BEGIN INFORMATION SUPPLIED

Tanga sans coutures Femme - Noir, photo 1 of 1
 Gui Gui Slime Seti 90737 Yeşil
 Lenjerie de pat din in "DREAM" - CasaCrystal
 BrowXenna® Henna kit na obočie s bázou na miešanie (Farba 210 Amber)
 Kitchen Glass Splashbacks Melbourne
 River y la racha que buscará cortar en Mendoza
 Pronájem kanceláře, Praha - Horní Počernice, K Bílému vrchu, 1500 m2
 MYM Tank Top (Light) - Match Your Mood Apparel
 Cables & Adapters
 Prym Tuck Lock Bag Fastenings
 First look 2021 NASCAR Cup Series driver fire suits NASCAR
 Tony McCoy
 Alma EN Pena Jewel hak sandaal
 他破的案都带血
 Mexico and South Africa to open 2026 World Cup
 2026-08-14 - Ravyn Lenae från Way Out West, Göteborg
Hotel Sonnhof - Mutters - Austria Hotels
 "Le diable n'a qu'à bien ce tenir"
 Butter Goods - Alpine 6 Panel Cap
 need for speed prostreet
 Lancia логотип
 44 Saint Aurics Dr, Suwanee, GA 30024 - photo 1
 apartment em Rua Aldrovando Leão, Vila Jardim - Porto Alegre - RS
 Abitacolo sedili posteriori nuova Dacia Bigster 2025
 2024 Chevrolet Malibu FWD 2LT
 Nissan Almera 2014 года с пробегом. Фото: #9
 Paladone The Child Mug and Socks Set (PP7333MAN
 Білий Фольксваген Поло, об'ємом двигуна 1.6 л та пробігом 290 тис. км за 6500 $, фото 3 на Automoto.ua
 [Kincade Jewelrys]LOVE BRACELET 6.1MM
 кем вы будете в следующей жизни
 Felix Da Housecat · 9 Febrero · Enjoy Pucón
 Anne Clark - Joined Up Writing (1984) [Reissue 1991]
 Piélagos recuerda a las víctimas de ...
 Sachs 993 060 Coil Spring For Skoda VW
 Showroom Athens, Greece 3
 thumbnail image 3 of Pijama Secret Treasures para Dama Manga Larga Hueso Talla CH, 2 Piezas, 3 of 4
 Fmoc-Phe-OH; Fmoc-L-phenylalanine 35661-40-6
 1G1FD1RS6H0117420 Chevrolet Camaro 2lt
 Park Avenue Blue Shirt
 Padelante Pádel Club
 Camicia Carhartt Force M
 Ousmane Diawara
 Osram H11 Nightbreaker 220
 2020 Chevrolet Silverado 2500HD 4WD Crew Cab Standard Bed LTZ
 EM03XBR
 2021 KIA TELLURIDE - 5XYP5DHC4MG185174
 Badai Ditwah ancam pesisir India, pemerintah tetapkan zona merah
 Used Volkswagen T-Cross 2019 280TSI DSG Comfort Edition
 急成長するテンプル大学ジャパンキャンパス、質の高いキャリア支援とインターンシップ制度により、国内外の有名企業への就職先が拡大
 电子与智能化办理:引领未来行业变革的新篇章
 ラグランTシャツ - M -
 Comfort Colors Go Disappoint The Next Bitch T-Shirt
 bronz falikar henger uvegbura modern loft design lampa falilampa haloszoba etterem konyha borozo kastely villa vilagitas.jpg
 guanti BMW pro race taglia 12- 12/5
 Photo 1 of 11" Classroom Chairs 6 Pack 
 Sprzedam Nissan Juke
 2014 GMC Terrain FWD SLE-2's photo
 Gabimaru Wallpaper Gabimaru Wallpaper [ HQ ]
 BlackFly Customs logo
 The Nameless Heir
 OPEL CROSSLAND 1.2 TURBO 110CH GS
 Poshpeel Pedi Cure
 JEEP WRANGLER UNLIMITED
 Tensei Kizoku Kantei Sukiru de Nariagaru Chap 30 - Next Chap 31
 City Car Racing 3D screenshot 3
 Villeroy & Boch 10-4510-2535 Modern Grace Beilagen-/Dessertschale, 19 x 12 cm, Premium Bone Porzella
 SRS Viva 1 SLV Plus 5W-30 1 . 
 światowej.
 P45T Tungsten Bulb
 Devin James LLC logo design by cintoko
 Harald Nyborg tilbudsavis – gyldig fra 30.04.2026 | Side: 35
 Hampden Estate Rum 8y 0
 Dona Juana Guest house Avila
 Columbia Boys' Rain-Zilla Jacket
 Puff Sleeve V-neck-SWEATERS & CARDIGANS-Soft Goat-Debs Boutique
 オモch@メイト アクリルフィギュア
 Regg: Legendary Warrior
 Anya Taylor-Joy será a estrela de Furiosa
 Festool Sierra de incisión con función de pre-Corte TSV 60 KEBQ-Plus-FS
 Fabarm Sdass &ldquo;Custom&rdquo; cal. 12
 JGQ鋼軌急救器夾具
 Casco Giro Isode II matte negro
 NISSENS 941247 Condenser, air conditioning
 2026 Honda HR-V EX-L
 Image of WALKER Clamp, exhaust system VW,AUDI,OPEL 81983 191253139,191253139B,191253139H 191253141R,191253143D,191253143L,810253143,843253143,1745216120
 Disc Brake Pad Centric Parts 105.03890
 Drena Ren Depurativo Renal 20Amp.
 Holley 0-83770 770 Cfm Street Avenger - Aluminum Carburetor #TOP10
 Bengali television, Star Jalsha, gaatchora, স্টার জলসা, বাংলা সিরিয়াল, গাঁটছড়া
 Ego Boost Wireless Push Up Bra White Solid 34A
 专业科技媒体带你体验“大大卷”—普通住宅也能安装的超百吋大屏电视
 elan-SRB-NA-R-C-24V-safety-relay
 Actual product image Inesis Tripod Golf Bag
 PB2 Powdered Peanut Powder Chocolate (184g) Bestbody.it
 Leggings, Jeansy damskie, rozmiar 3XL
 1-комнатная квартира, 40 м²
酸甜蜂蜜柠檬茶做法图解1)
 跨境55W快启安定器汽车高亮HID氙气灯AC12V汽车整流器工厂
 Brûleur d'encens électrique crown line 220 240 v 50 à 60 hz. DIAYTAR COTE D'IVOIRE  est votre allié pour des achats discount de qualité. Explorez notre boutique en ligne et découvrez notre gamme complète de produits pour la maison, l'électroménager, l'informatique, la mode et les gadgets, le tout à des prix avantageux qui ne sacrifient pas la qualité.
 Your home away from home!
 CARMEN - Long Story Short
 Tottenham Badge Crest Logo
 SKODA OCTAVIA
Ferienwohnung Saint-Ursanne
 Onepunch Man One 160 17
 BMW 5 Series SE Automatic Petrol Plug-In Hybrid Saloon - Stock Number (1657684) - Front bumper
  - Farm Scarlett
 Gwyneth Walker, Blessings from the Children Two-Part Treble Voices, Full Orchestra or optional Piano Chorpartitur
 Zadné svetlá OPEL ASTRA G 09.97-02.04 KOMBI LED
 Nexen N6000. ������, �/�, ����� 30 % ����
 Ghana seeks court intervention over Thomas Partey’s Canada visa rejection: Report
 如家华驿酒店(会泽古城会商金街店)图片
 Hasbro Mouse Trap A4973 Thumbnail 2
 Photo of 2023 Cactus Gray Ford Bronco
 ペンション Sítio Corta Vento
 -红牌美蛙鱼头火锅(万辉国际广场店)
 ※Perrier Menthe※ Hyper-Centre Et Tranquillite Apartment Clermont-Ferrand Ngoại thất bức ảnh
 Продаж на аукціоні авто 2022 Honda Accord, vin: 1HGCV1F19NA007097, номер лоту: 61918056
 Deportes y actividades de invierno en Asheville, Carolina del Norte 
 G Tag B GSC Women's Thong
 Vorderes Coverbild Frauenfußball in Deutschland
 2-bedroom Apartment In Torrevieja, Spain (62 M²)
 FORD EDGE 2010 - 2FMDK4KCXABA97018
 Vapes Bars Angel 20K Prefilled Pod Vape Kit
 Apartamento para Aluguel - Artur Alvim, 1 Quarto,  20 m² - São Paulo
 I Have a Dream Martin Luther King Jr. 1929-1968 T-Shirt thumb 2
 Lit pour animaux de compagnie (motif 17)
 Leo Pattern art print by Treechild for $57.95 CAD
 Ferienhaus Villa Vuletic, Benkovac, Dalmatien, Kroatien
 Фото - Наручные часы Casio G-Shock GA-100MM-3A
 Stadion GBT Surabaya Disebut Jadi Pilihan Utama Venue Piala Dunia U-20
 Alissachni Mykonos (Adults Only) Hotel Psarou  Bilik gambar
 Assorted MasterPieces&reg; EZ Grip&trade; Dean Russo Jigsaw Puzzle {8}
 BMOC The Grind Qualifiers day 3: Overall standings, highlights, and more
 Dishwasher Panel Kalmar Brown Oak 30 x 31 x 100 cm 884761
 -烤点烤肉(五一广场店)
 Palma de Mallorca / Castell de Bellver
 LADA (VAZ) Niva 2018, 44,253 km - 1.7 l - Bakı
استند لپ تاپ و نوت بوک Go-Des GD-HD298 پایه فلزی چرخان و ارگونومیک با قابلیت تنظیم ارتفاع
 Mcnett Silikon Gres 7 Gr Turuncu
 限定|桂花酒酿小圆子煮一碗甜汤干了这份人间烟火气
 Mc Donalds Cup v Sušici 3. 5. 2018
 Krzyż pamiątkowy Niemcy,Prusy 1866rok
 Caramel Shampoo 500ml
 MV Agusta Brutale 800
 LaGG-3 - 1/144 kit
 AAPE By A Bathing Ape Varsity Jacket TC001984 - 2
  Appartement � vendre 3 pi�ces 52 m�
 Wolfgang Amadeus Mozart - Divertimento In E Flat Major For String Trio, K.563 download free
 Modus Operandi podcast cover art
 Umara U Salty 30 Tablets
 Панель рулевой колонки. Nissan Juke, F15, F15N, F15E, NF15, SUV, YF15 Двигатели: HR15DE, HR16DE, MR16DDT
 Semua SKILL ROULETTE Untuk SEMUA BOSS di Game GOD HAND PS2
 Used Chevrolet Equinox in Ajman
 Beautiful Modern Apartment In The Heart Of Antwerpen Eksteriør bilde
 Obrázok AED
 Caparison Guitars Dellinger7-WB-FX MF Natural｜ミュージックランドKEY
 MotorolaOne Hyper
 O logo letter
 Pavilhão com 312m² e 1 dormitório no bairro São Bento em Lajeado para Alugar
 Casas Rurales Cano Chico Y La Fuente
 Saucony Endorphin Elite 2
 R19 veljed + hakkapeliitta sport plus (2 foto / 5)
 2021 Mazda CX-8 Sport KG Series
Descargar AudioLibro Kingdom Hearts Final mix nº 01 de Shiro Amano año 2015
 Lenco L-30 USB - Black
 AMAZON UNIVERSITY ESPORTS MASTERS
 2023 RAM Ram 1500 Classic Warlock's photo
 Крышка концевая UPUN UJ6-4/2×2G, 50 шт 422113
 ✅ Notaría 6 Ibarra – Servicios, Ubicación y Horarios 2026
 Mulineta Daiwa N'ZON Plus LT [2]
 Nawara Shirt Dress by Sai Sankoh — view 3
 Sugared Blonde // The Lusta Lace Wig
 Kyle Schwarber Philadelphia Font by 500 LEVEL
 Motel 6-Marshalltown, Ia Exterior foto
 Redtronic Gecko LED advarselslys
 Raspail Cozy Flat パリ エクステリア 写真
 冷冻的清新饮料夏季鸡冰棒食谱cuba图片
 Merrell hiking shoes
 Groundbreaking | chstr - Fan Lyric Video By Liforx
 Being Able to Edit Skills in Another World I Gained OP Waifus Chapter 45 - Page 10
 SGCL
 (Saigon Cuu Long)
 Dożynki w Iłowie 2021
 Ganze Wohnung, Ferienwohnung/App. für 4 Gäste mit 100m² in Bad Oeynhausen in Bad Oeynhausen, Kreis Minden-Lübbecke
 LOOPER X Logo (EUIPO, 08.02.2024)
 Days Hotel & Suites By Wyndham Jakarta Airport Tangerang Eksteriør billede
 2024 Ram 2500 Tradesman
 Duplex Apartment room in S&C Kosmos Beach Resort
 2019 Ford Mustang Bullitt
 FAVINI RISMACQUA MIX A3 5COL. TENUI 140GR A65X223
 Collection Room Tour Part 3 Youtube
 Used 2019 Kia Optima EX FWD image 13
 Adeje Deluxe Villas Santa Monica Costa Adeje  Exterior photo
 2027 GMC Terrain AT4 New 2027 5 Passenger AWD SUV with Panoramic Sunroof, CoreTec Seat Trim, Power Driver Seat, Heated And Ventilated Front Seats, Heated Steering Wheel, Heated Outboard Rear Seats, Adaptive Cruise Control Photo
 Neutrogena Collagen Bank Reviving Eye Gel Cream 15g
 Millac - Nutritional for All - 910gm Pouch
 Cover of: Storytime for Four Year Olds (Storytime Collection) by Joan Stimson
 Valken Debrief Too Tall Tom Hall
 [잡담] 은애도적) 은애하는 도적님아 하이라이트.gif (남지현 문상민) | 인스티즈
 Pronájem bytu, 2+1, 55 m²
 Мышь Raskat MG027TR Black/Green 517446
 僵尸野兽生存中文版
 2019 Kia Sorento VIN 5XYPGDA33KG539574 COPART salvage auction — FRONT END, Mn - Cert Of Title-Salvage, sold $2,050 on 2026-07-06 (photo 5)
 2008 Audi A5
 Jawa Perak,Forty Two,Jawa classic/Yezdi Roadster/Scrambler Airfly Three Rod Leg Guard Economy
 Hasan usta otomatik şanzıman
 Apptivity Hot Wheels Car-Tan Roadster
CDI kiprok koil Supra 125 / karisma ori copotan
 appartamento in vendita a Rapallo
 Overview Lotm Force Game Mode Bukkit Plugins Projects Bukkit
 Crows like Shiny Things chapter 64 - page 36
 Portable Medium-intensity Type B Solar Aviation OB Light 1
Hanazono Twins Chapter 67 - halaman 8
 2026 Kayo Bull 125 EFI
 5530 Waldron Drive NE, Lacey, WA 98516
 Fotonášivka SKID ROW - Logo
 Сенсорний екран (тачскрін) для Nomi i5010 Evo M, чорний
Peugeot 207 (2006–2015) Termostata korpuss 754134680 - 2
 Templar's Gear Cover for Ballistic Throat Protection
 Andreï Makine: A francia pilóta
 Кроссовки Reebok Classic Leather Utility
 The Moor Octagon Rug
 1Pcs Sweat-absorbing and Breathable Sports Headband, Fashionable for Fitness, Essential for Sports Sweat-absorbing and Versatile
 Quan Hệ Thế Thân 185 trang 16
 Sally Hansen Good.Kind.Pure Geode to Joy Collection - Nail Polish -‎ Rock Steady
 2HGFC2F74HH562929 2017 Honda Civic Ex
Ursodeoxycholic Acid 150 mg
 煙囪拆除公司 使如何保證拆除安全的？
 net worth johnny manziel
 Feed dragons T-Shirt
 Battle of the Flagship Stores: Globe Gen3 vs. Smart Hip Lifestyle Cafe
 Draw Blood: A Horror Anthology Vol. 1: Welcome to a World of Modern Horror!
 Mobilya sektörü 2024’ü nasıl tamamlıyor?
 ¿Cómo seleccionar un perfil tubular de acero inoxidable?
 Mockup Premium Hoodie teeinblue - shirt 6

END INFORMATION SUPPLIED

#### [BRIEF]
Return, unchanged, the run of lines above that opens with the line containing "Park Avenue Blue Shirt" and closes with the line containing "Comfort Colors Go". Include both.

#### [ANSWER SPACE]
 Park Avenue Blue Shirt
 Padelante Pádel Club
 Camicia Carhartt Force M
 Ousmane Diawara
 Osram H11 Nightbreaker 220
 2020 Chevrolet Silverado 2500HD 4WD Crew Cab Standard Bed LTZ
 EM03XBR
 2021 KIA TELLURIDE - 5XYP5DHC4MG185174
 Badai Ditwah ancam pesisir India, pemerintah tetapkan zona merah
 Used Volkswagen T-Cross 2019 280TSI DSG Comfort Edition
 急成長するテンプル大学ジャパンキャンパス、質の高いキャリア支援とインターンシップ制度により、国内外の有名企業への就職先が拡大
 电子与智能化办理:引领未来行业变革的新篇章
 ラグランTシャツ - M -
 Comfort Colors Go Disappoint The Next Bitch T-Shirt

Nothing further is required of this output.